Hayvanların kistli organlarının çevreye rastgele atılmasının ölümlere yol açabilen hastalıklara neden olabildiği kaydedildi.
Erciyes Üniversitesi Veteriner Fakültesi Parazitoloji Ana Bilim Dalı Öğretim Üyesi Yrd. Doç. Dr. Alparslan Yıldırım, yaptığı açıklamada, halk arasında yeterince tanınmayan kist hidatik (echinococosis) hastalığının, köpeklerden diğer hayvanlara ve insanlara bulaşan bir hastalık olduğunu belirtti.
Hastalığın özellikle Kurban Bayramı sonrası dönemlerde artış gösterdiğini ifade eden Yıldırım, köpeklerin bağırsaklarında bulunan parazit yumurtalarından ortaya çıkan hastalığın, kurbanlık hayvanların atıklarının çevreye rastgele atılması nedeniyle yeniden köpeklere geçerek kısır döngü içine girdiğini vurguladı.
Hastalığın büyükbaş ve küçükbaş hayvanlar vasıtasıyla köpeklere geçtiğini ve enfekte köpeklerin dışkısı ile atılan yumurtaların insanlara bulaşarak ciddi sağlık sorunlarına yol açabildiğini ifade eden Yıldırım, hastalığın ortaya çıkışını şöyle özetledi:
"Köpeklerin ince bağırsaklarında bulunan echinococosis grubundaki parazitlerin yumurtaları, dışkı yoluyla dışarı atılıyor. Soğuk ve sıcağa karşı uzun süre dayanabilen bu yumurtalar, bulaştıkları çeşitli gıdalar kanalıyla, sindirim yoluyla veya havaya karışarak solunum yoluyla koyun, keçi ve sığır gibi hayvanlara ve insanlara bulaşıyor. Yumurtalar, bu canlılarda belli bir dönem sonunda çeşitli organlarda kist hidatik ismi verilen larvaya dönüşüyor. Kurbanlık hayvanların özellikle karaciğer ve akciğer gibi kistli organlarının çevreye rastgele atılmasıyla bu larvaların tekrar köpeklere ulaşma yolu açılıyor. Böyle bir kısır döngü içinde hastalık insan sağlığını tehdit eder hale gelebiliyor."
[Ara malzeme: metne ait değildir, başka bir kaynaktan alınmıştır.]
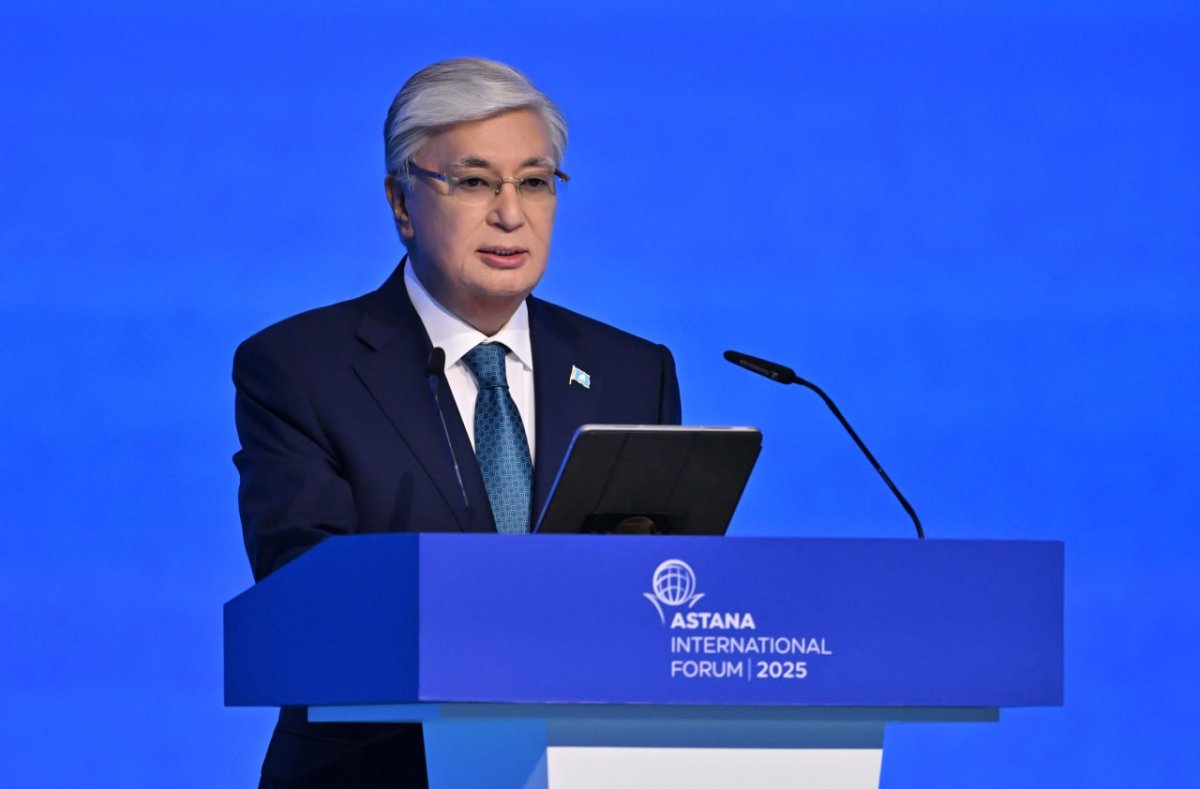 "Қазақстандықтар криптовалютамен азық-түлік сатып алып, төлем жасайды": Тоқаев мәлімдеме жасады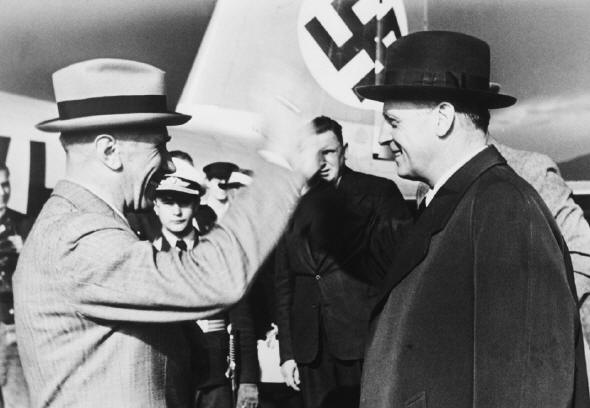 Reichsauenminister Joachim von Ribbentrop (rechts) vor der Unterzeichnung des Hitler-Stalin-Paktes im Jahr 1939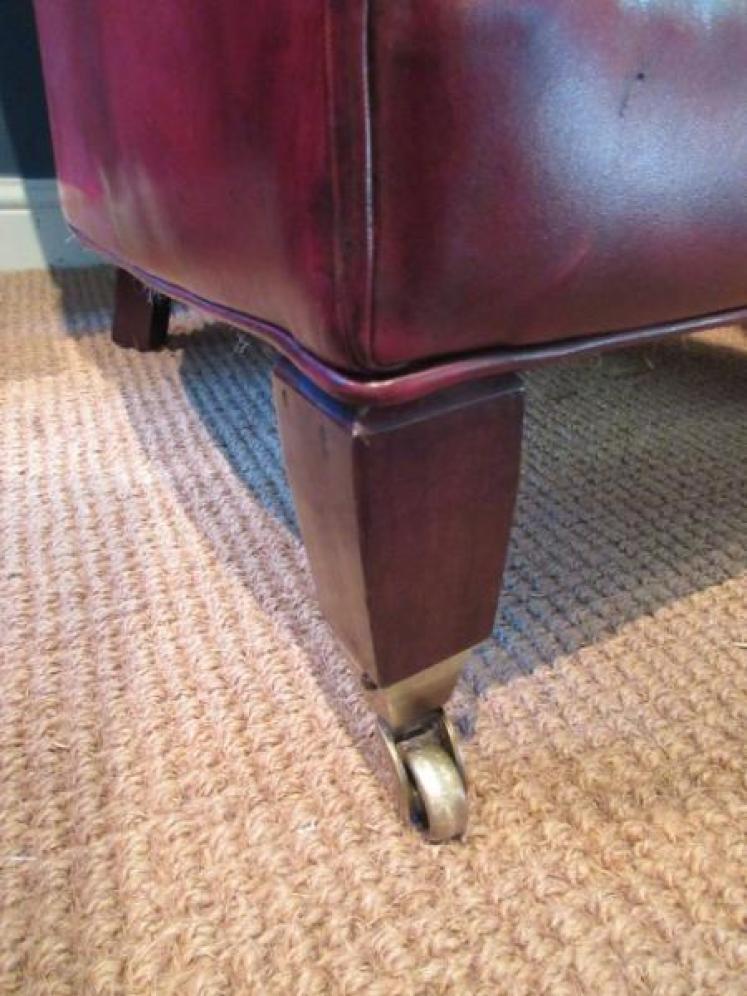 Superb Pair of 1920's Leather Buttoned Club Armchairs - Image 3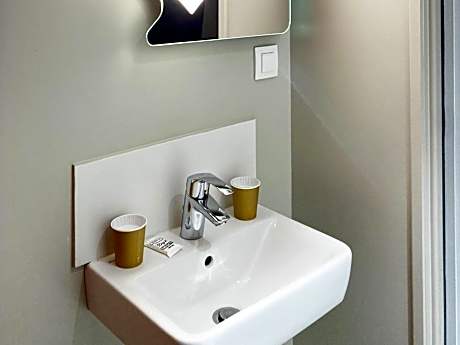 Standard Twin Room with Retractable Bed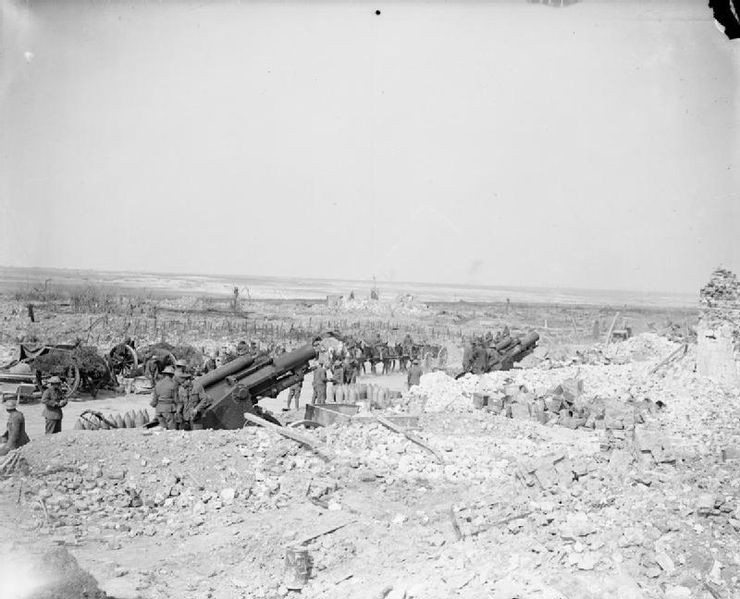 File:9.2InchHowitzerBatteryNeuville-Vitasse30April1917.jpg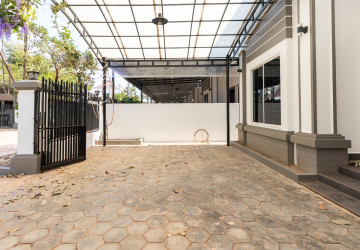 2 Bedroom House For Sale - Svay Dangkum, Siem Reap thumbnail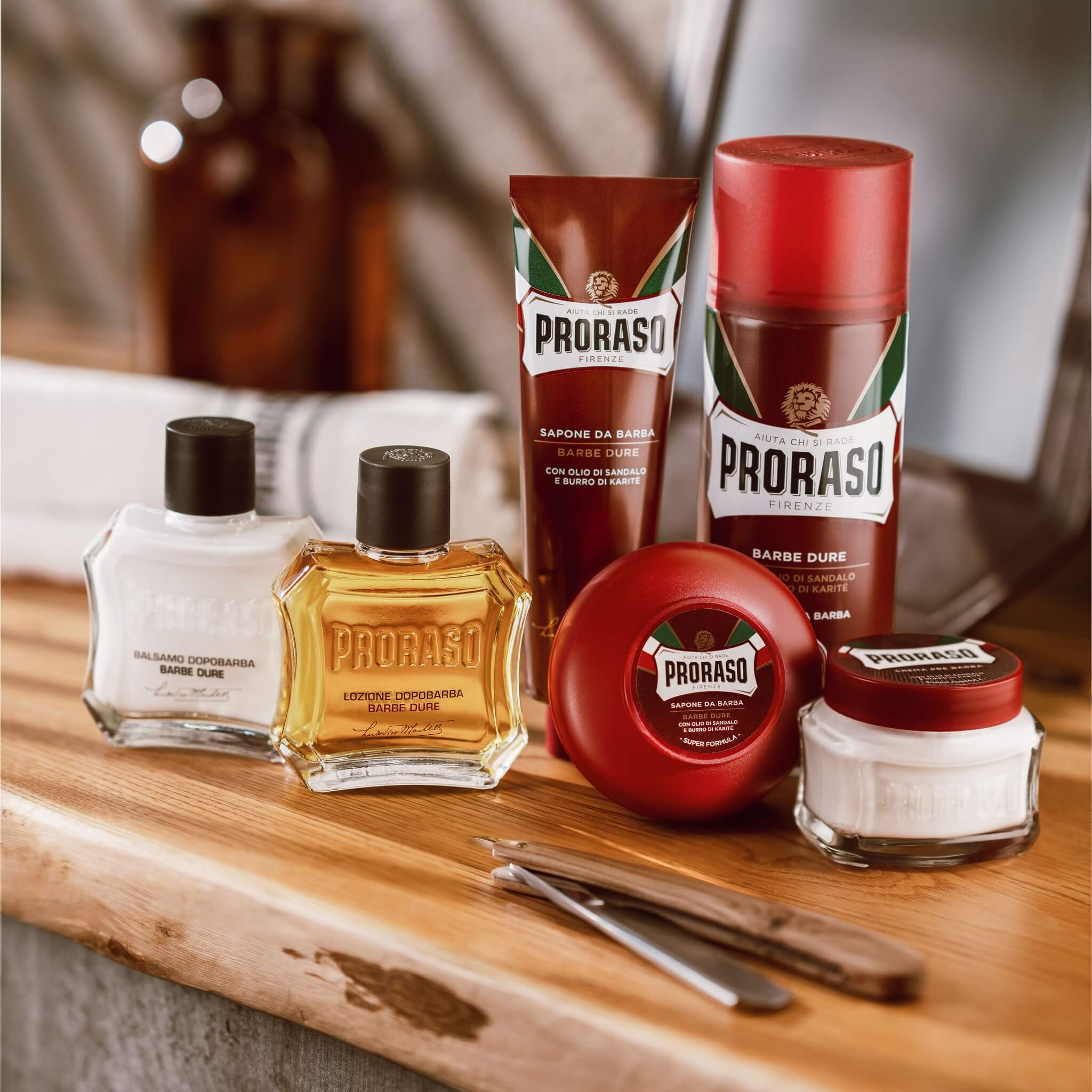 Rasiercreme - Nourishing, Sandelholzöl und Shea Butter, 150 ml.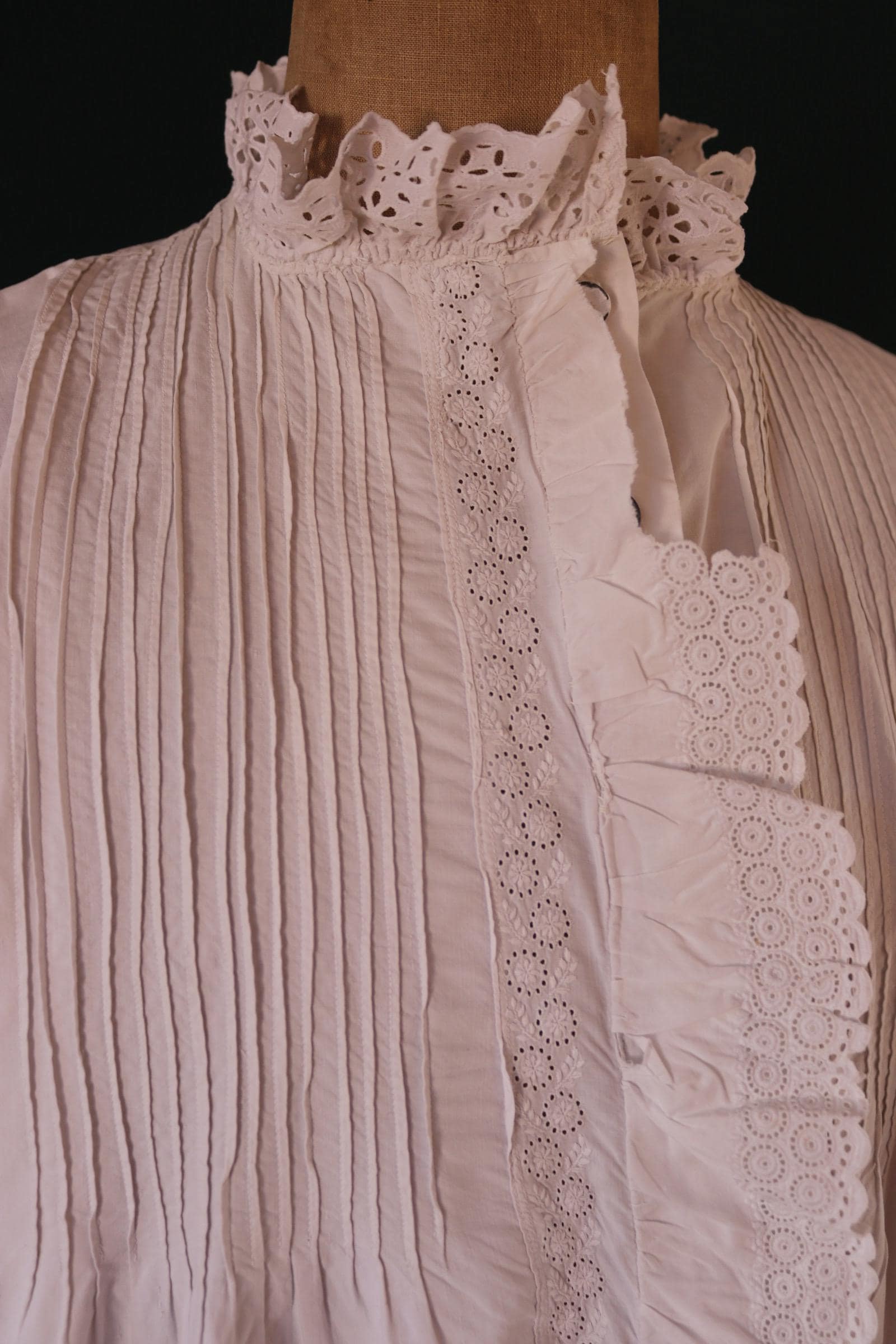 Antique 1800s Victorian white cotton nightgown - vintage 1900s dress - cottagecore - broderie Anglais - 56” chest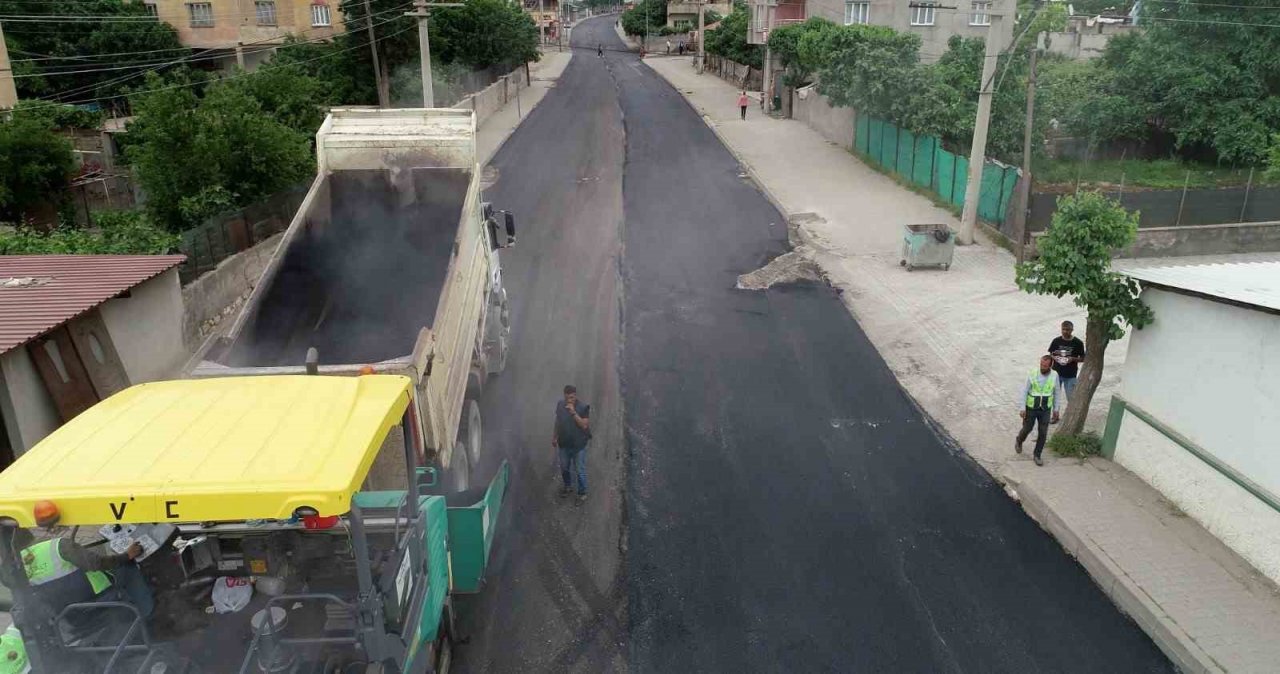 Siirt Belediyesi kent genelinde 40 bin ton asfalt kullanarak yoları onarıyor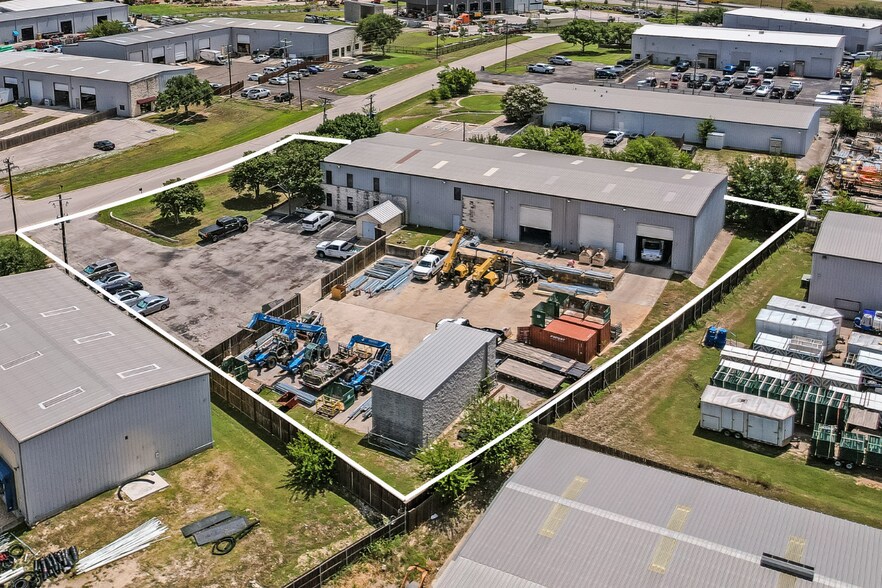 Primary Photo Of 271 Commercial Dr, Buda Warehouse For Sale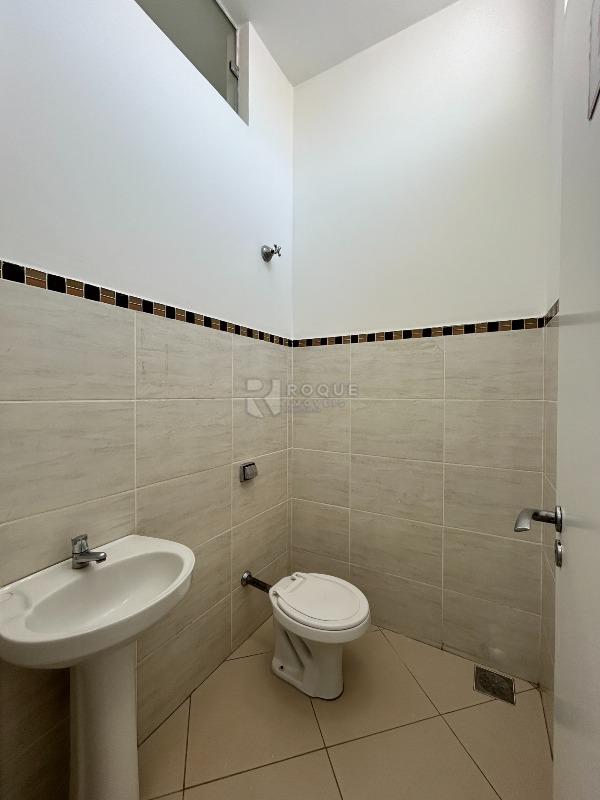 Salas/Conjuntos para aluguel no bairro Vila São João: WC social 4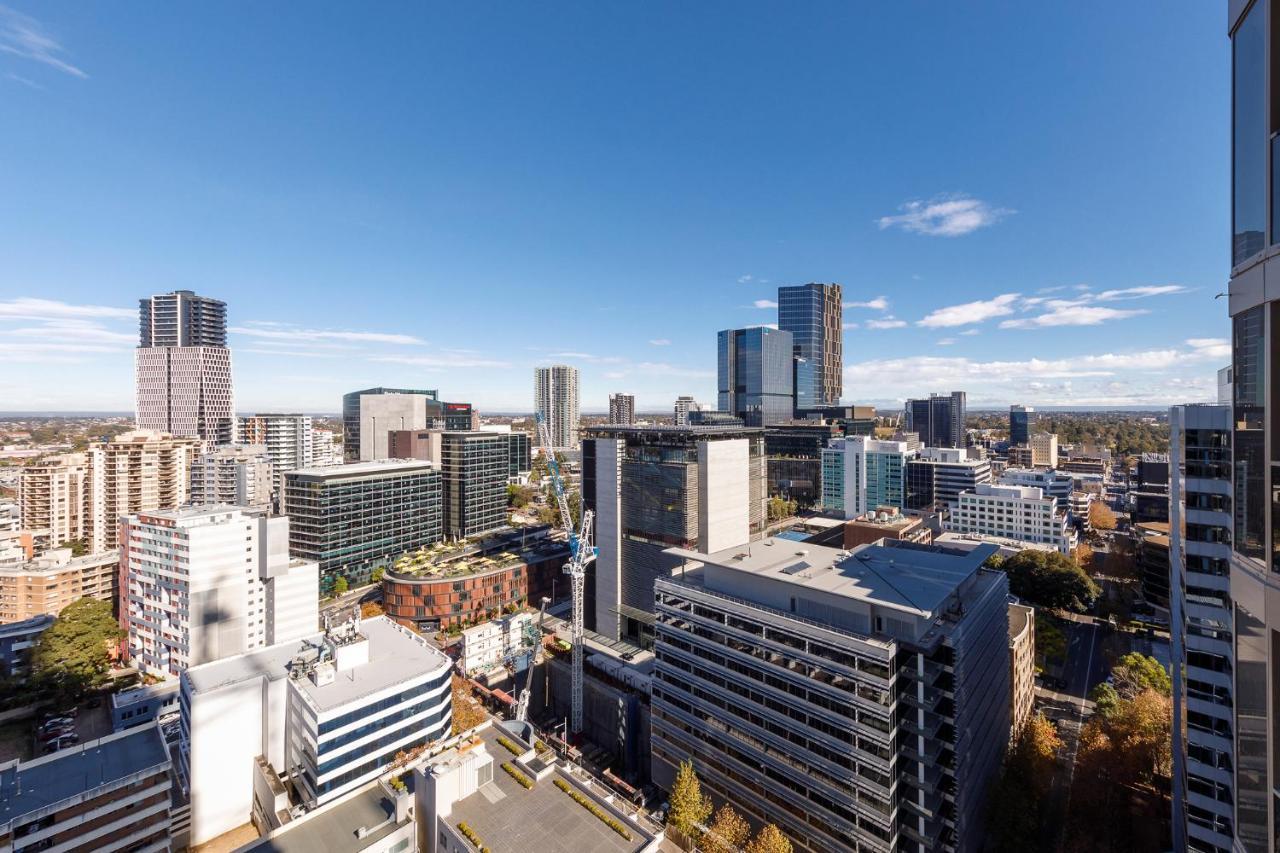 Meriton Suites George Street, Parramatta Сидни Екстериор снимка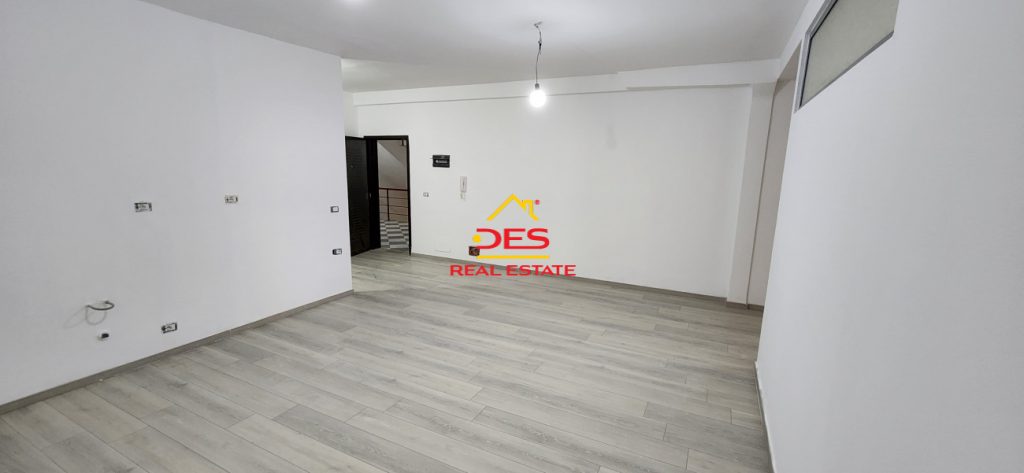 Bild 7 – Zum Verkauf steht eine 2+1 Zimmer Wohnung in der Nähe des Rrapi in Uji i Ftohtë, Vlora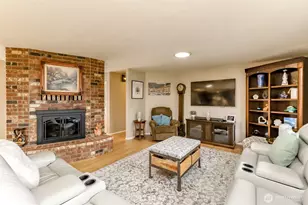 10602 SE 325th Pl, Auburn, WA 98092 - Photo 13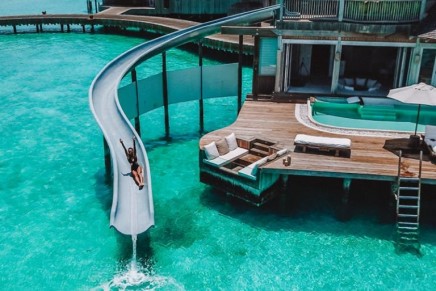 Best job in the world? Luxury resort in Maldives seeks bookseller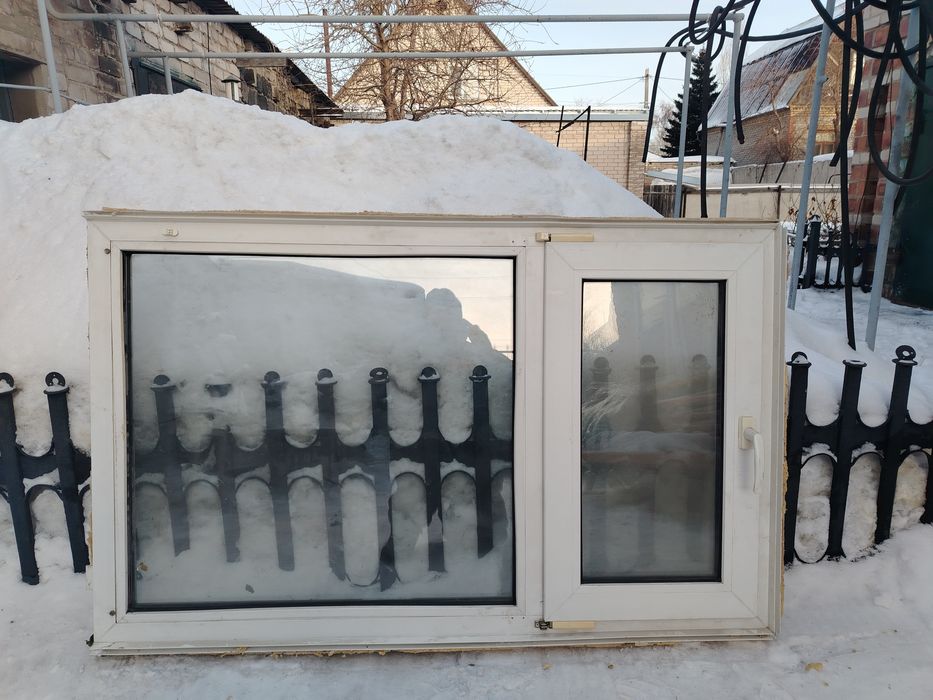 Продам пластиковое окно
Larvaların insan vücudunda daha çok akciğer ve karaciğere yerleştiğini hatırlatan Yıldırım, larvaların vücut içinde çeşitli organ ve dokulara tutunarak kist oluşturduğunu ve bu kistlerin yılda 3 santimetre çapına kadar büyüyebildiğini, uygun ortam bulan kistlerin çocuk başı büyüklüğüne kadar ulaşabildiğine dikkati çekti.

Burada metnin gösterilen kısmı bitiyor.